Visitors check their phones next to a screen advertising facial recognition software during the Global Mobile Internet Conference (GMIC) in Beijing April 27, 2018. Use of the technology in Canada by police is the subject of controversy (Damir Sagolj/Reuters)

National police to limit, but not stop use of facial recognition technology

It came as a bit of a surprise both to politicians and the public that several police forces across Canada had been using facial recognition technology, primarily from the U.S.-based Clearview AI company.

Concerns have been raised about its use both regarding its possible breach of Canadian privacy laws, and over the transparency and oversight of its use.

It didn’t help when Canada’s national police force, the Royal Canadian Mounted Police (RCMP) had denied using the technology when asked directly, but then later weeks later admitted they had been experimenting with it. The admission came only after news that Clearview’s client list had been hacked.

Use of the technology is now being investigated by privacy commissioners in Alberta, Quebec, and British Columbia as well as the federal privacy commissioner.
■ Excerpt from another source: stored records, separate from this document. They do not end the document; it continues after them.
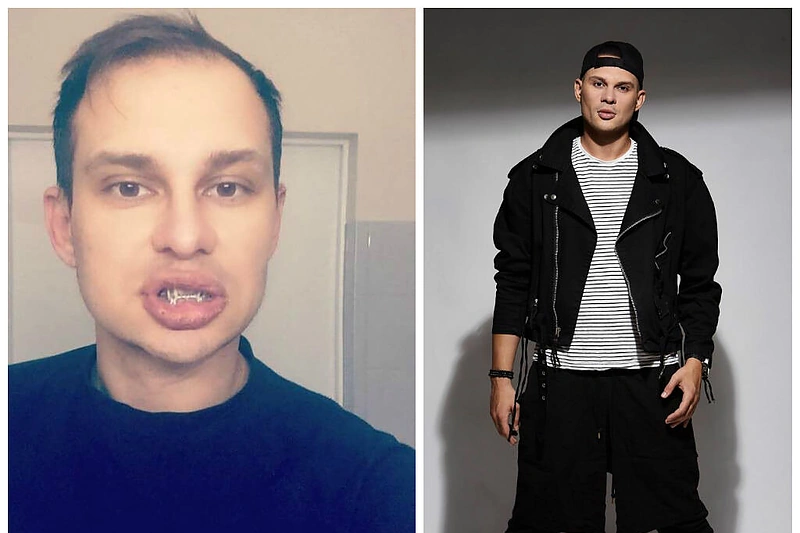 Į avariją patekusiam Soliariui lūžo žandikaulis: „Dabar teks pabūti su geležiniais dantimis“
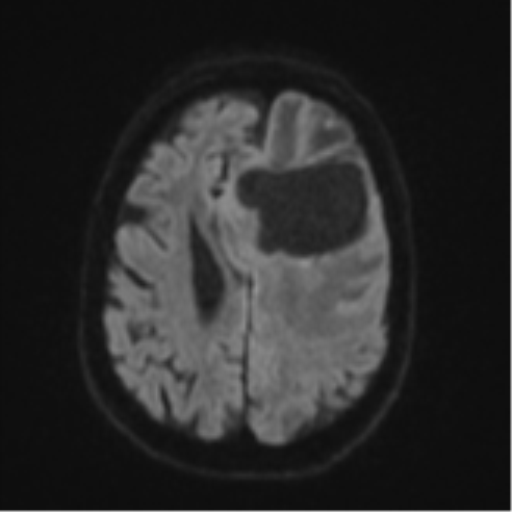 Brain metastasis (lung cancer) (Radiopaedia 48289-53179 Axial DWI 48).png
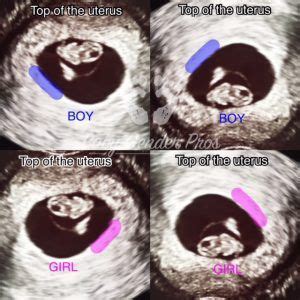 Ramzi Theory Gender Prediction Baby Gender Pros Baby Gender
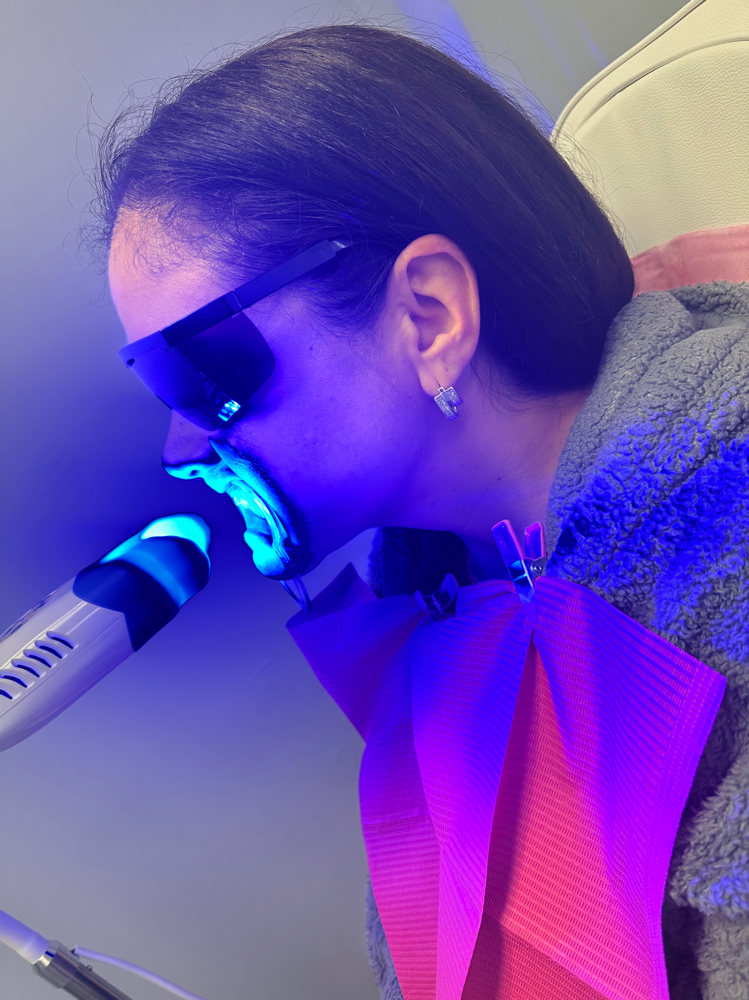 Teeth Whitening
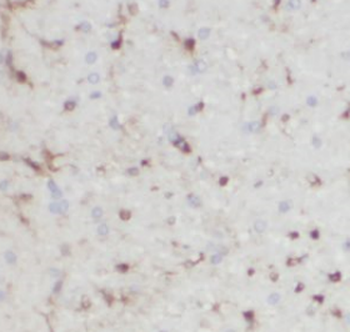 FBXO41 Rabbit Polyclonal Antibody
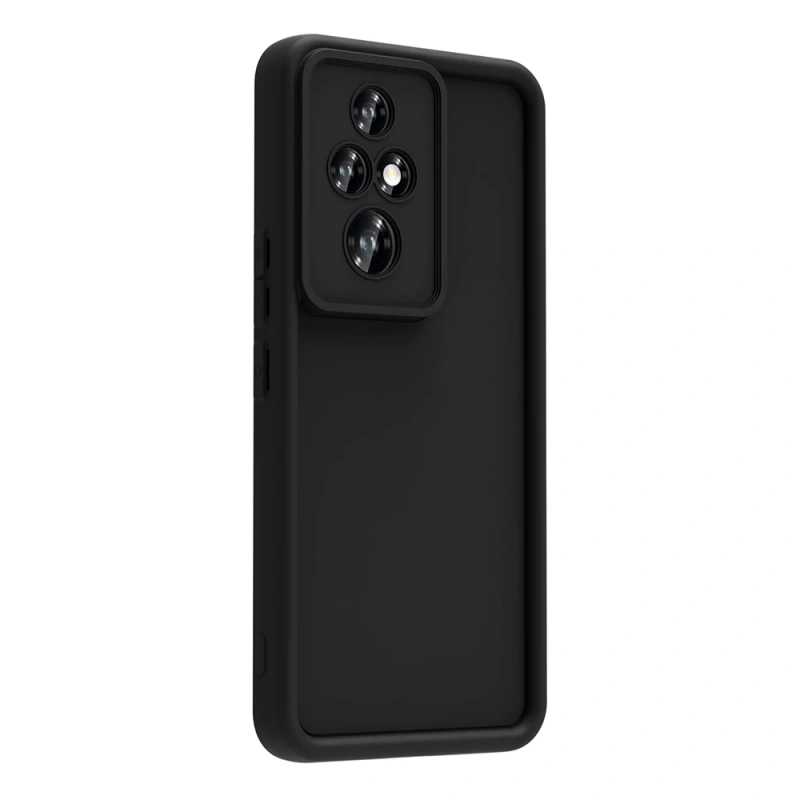 Honor 200 Pro Kılıf Kamera Korumalı Zore Ananas Kapak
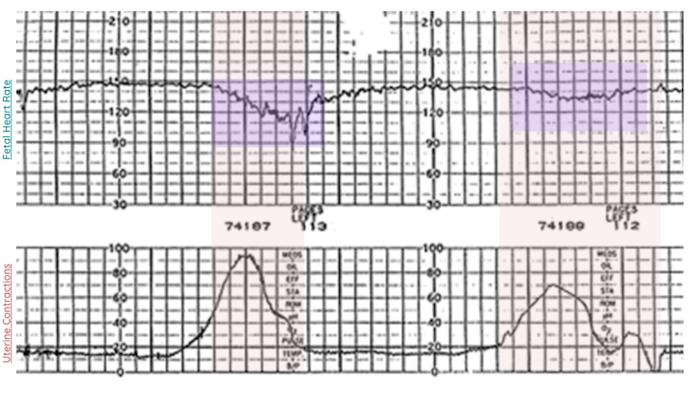 late decelerations childbirth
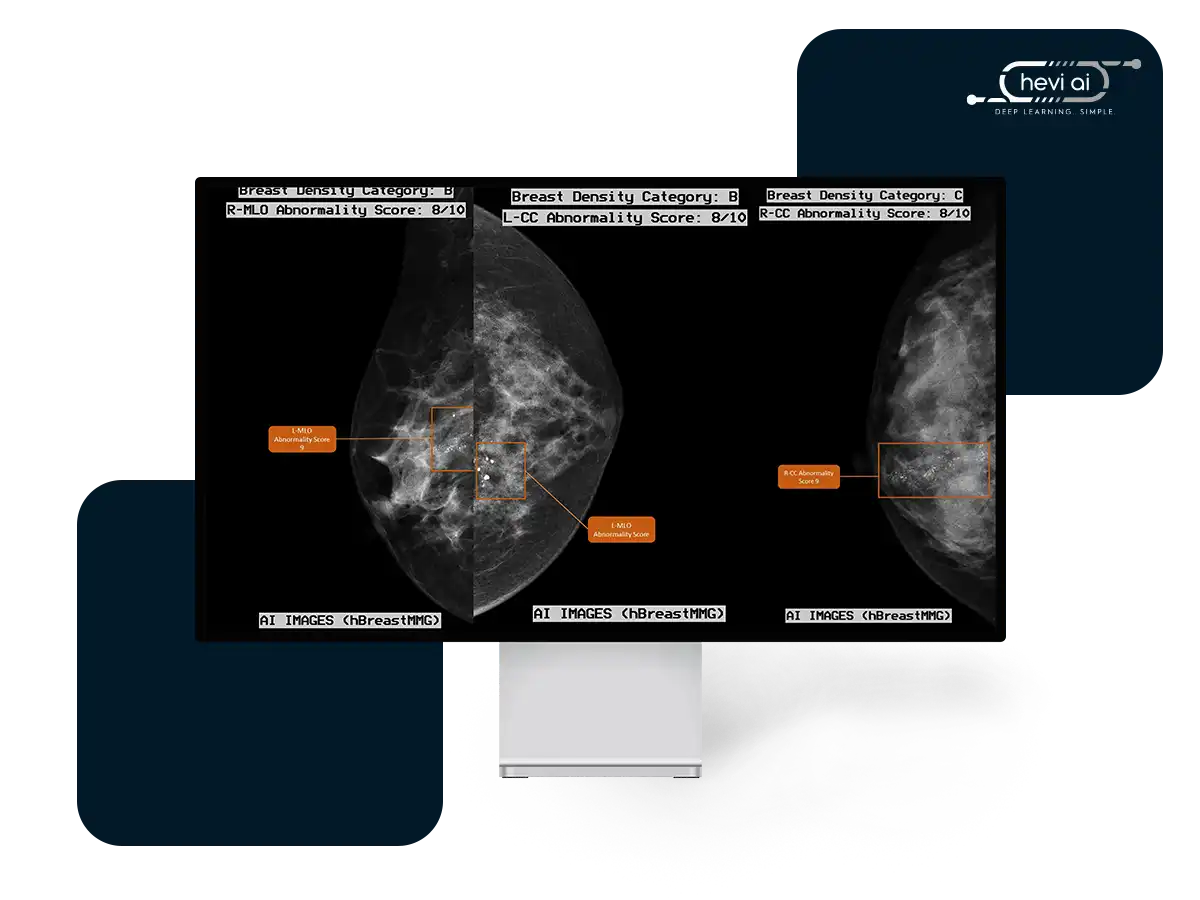 hBreastMMG product feature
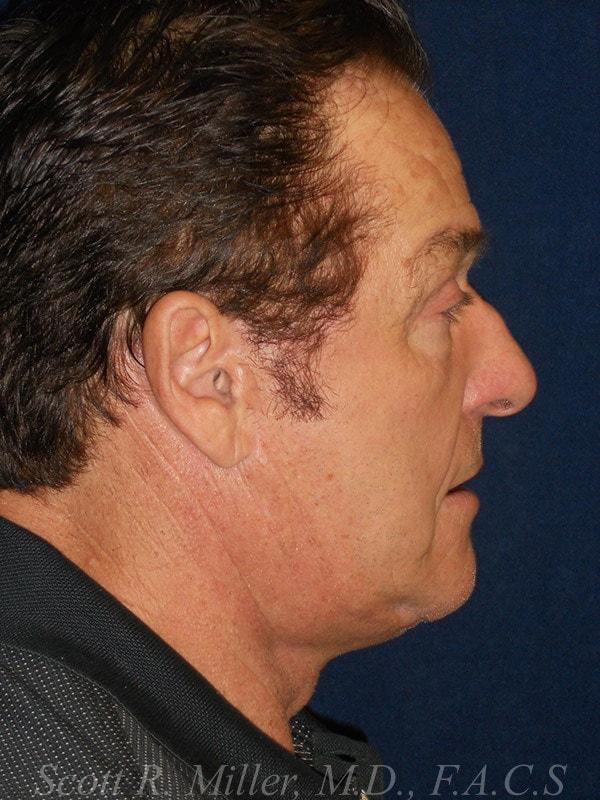 Facelift after at Miller Cosmetic Surgery Center - Scott R. Miller, MD, FACS in San Diego, CA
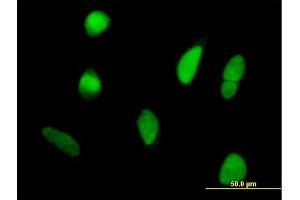 Immunofluorescence of purified MaxPab antibody to DDX42 on HeLa cell. (DDX42 antibody  (AA 1-819))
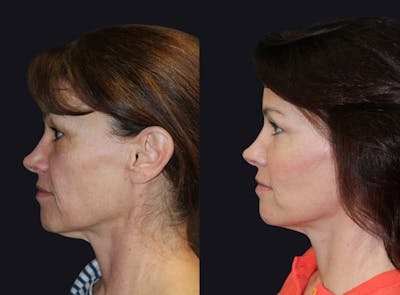 Facelift Before & After Gallery - Patient 177928406 - Image 1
Former Ontario privacy commissioner, Ann Cavoukian, currently at Ryerson University in Toronto,  called the police use of Clearview technology, “appalling”.

Based on a simple photo the technology can provide a number of details about the person ranging from name, address, phone, to occupation and much more.  Part of the concern involves how Clearview scraped billions of images from the internet without individuals permission.

When news broke that Canadian police had been quietly using the American facial recognition technology, privacy expert, Ann Cavoukian, former Ontario Information and Privacy Commissioner, called the use without oversight, “appalling” (CBC News)

In spite of the controversy, the RCMP said it would continue using the technology.  In an email to CBC, a spokesperson wrote will only be using it in very limited and specific circumstances. The RCMP will only use facial recognition technology, including Clearview AI, in exigent circumstances for victim identification in child sexual exploitation investigations, or in circumstances where threat to life or grievous bodily harm may be imminent.”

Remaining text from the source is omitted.